**Exercise prompt**
In your copy, include no images, and write out every entry below exactly as it stands.

[[ Listed records, beginning ]]

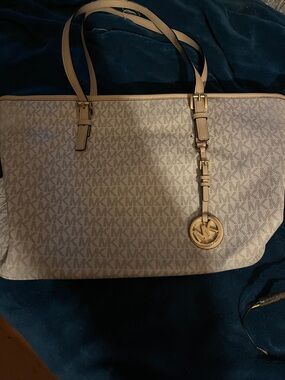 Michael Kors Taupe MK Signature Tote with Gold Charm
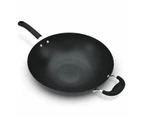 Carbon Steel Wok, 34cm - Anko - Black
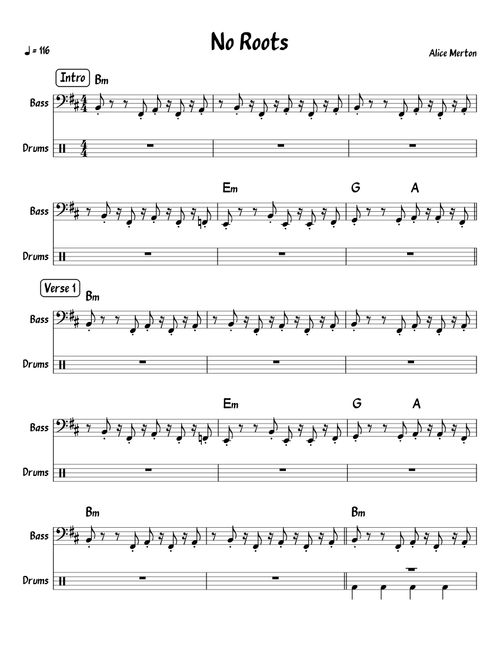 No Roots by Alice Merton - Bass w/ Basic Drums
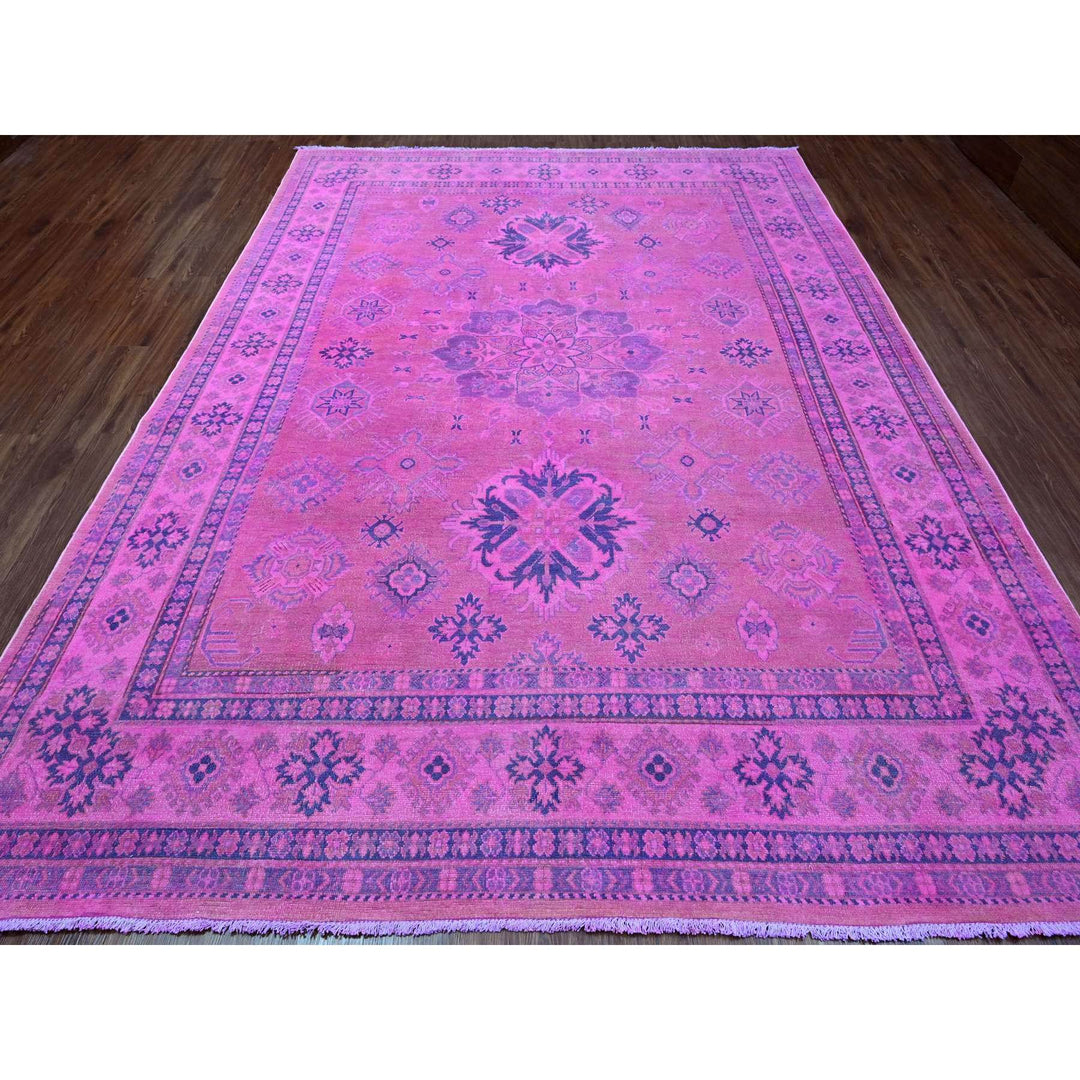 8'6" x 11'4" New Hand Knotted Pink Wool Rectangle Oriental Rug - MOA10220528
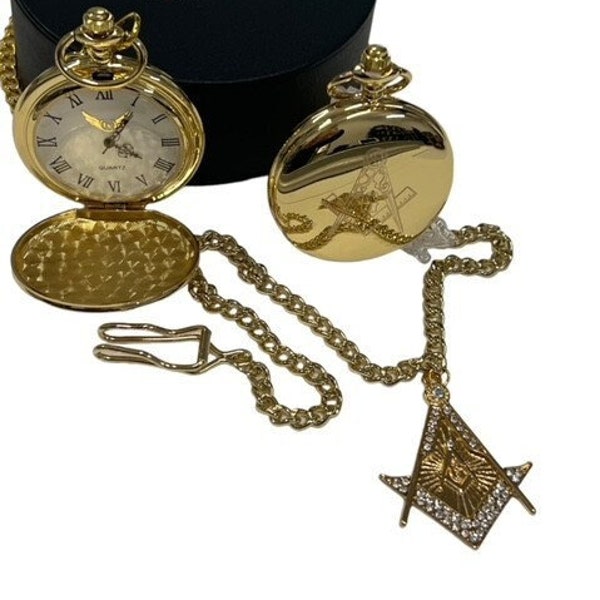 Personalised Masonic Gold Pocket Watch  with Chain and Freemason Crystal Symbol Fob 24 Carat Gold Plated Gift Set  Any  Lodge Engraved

[[ Listed records, end ]]

**Task output**
 Michael Kors Taupe MK Signature Tote with Gold Charm
 Carbon Steel Wok, 34cm - Anko - Black
 No Roots by Alice Merton - Bass w/ Basic Drums
 8'6" x 11'4" New Hand Knotted Pink Wool Rectangle Oriental Rug - MOA10220528
 Personalised Masonic Gold Pocket Watch  with Chain and Freemason Crystal Symbol Fob 24 Carat Gold Plated Gift Set  Any  Lodge Engraved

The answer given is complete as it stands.